Latson does not contest Dr. Sood’s qualifications or her ability to state
opinions as to his medical conditions and treatment. Instead, Latson wishes to
exclude what he views as inadmissible opinions by Dr. Sood regarding Lisa
Greenman, an attorney who served as an advocate for Latson during his
incarceration and who likely will be called as a fact witness for him at trial.
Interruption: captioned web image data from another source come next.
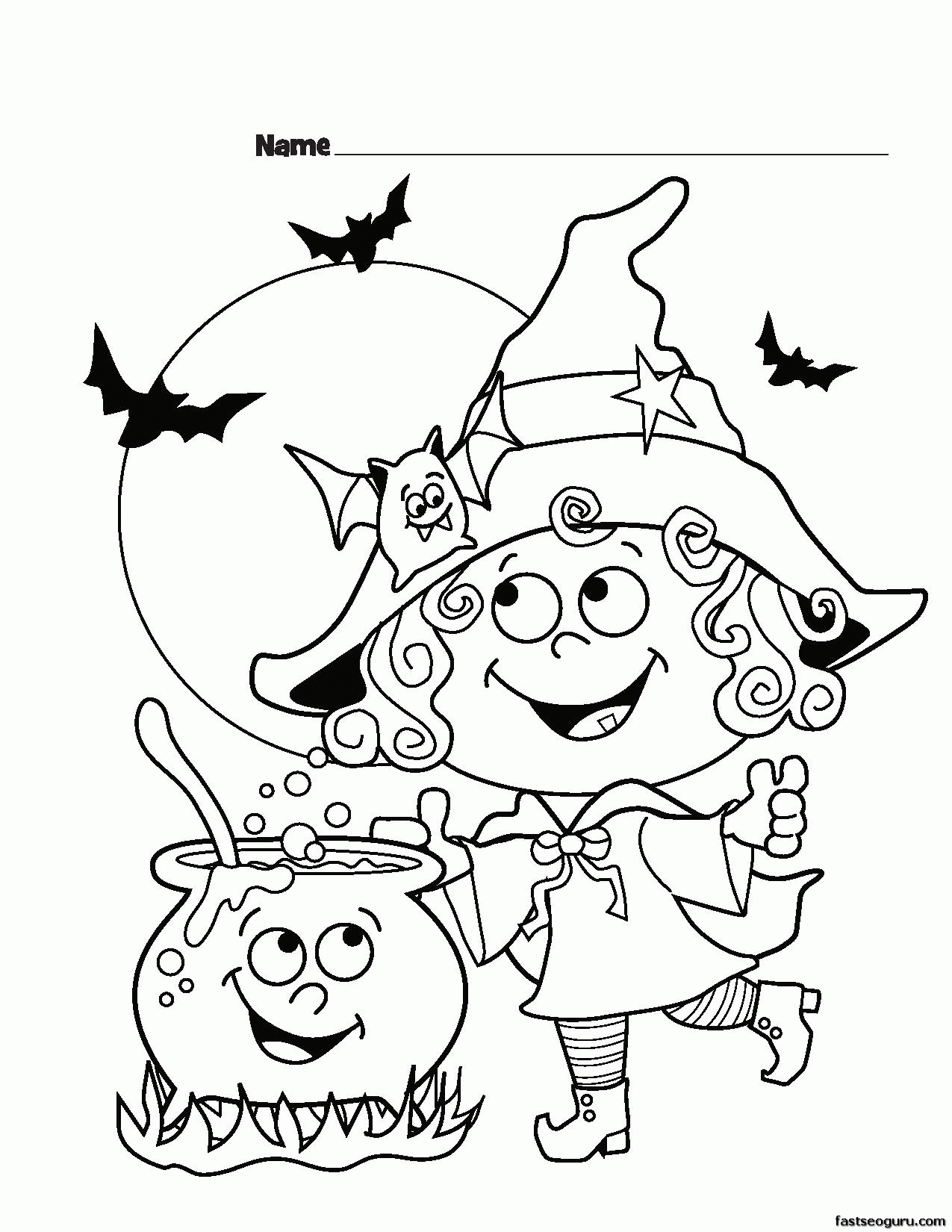 free coloring pages for preschoolers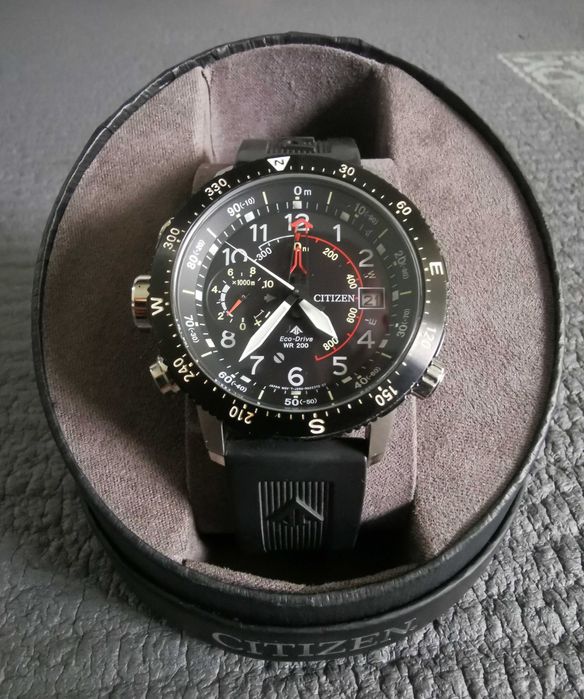 Zegarek Citizen Promaster Altichron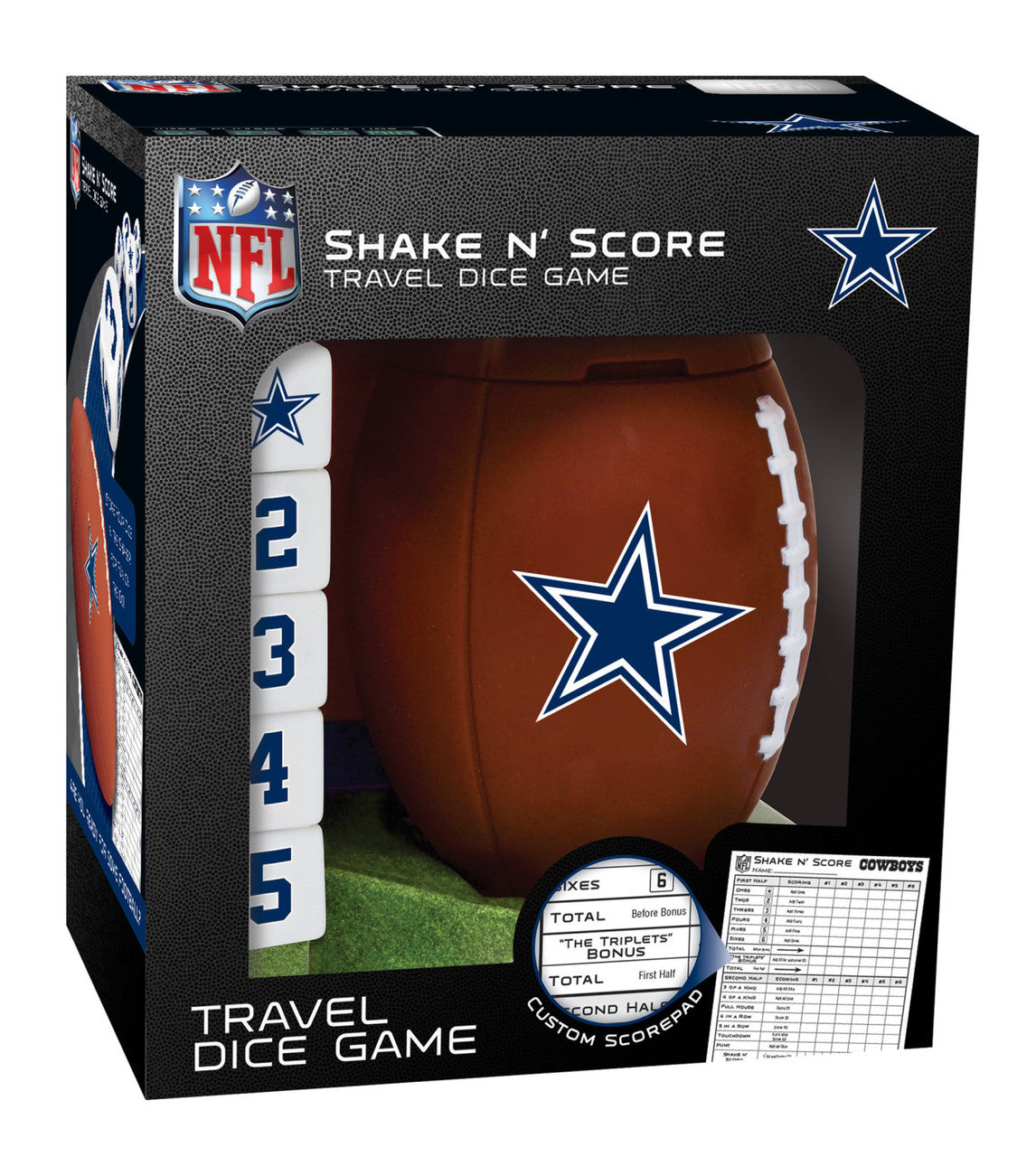 NFL Dallas Cowboys Shake N Score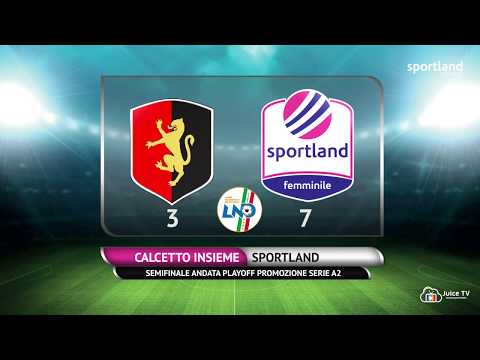 SEMIFINALE PLAYOFF NAZIONALI - Calcetto Insieme vs Sportland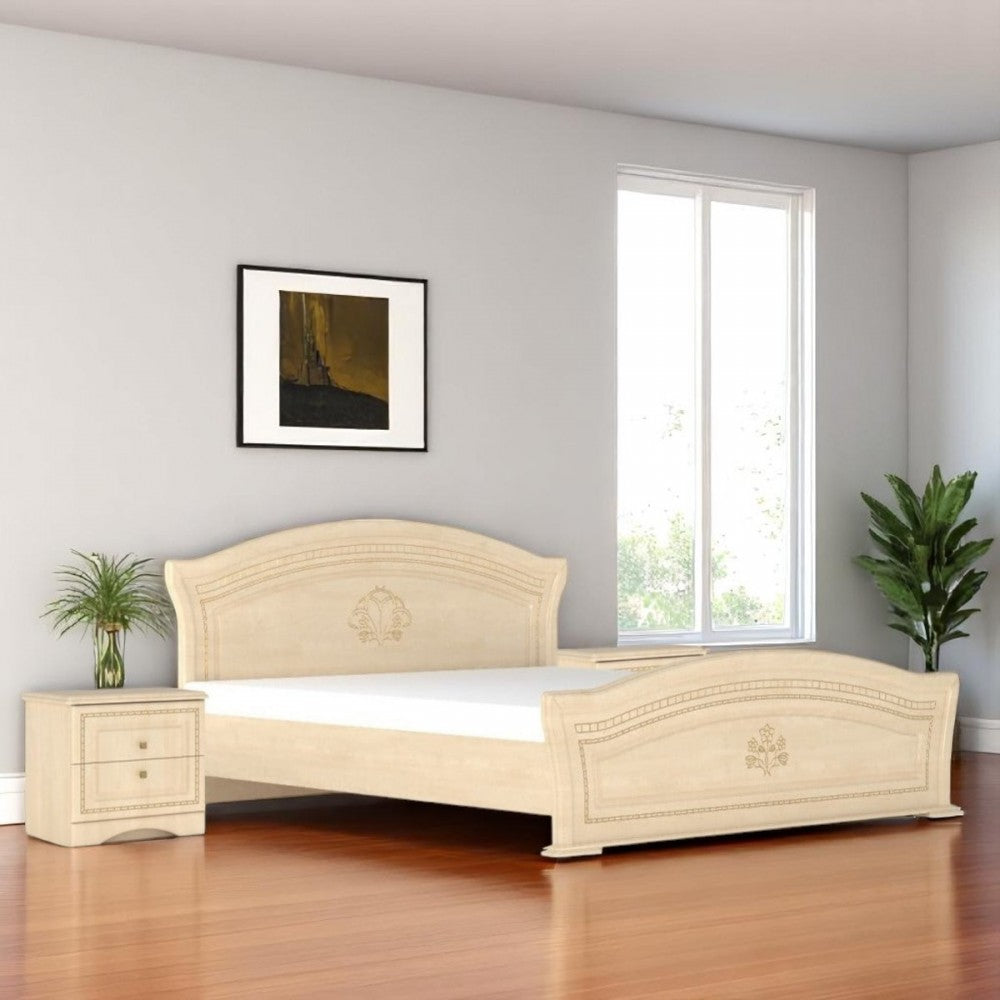 Pat + 2 Noptiere Milano, Mesteacan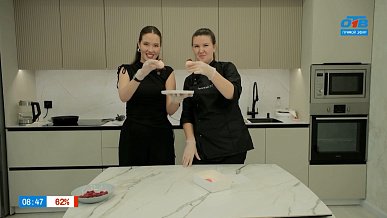 Традиционный японский десерт в сюжете «Готовим моти»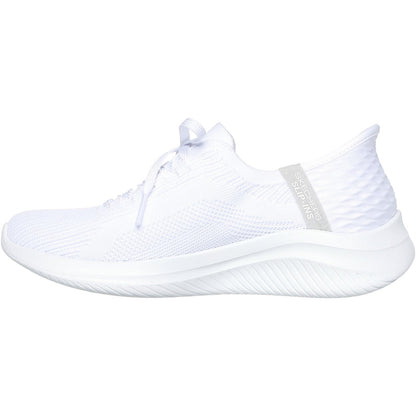 Women's Wide Fit Skechers Slip-ins 149710 Ultra Flex Brilliant Path Trainers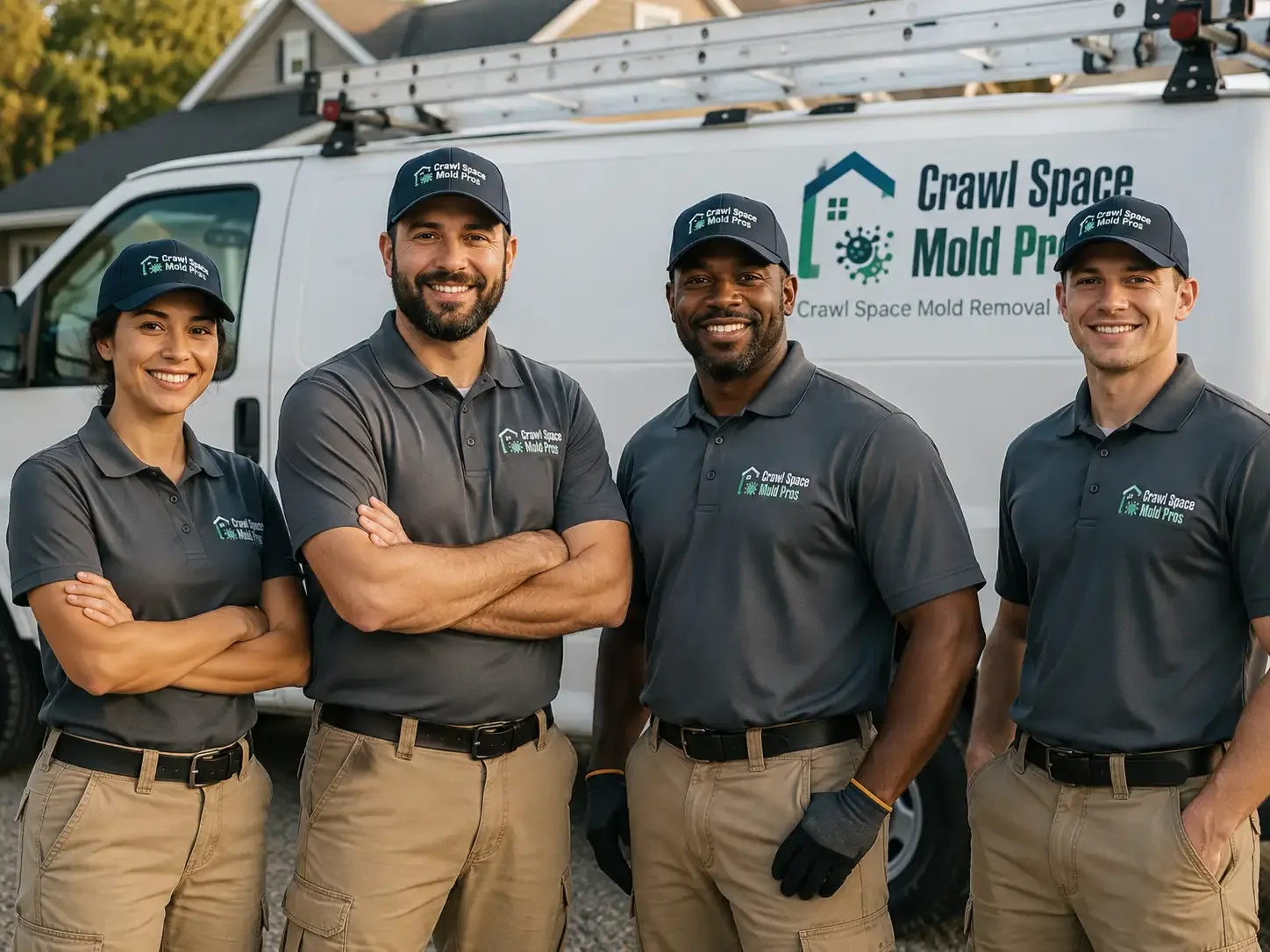 Crawl Space Mold Removal company in Glenn, CA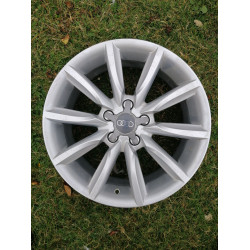 Диск литий WSP Italy AU50 S611 R17 7.5j PCD5*112 ET35 DIA57.1 (сірий)|AU50 S611|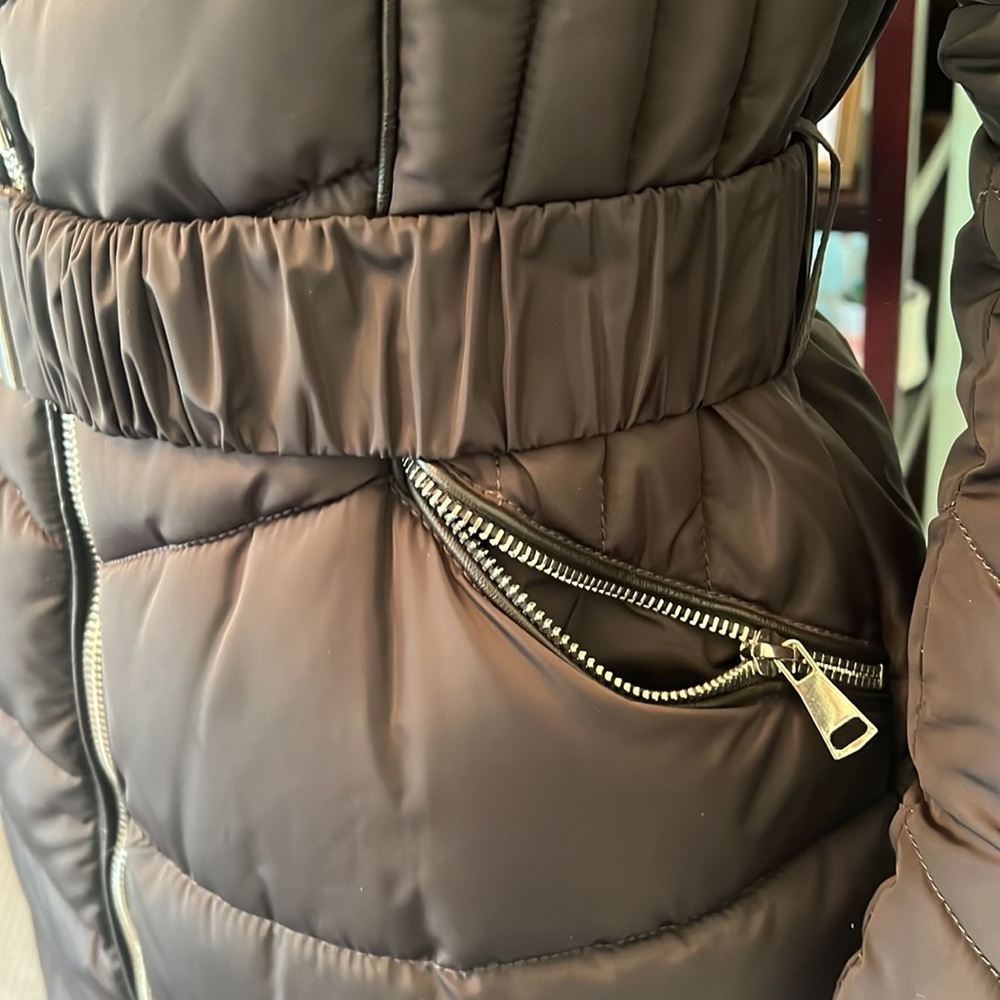 LOLA made in Italy puffer Jacket Size Small - Picture 5 of 15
Presumably, Latson intends to use Greenman’s communications with
MCTC staff to demonstrate that they were aware of his suffering but failed to
adequately treat him. In her supplemental report, Dr. Sood addresses Greenman’s
communications with MCTC and opines that Greenman’s conclusions regarding
Latson’s conditions were erroneous and of no value to the treatment staff. While
those opinions are not objectionable on their own, some of Dr. Sood’s statements
are beyond the scope of proper expert testimony. For example, Dr. Sood states that
Greenman’s emails “were sent to create an impression that Mr. Latson was
suffering because of the conditions of the MCTC and that he was regressing.”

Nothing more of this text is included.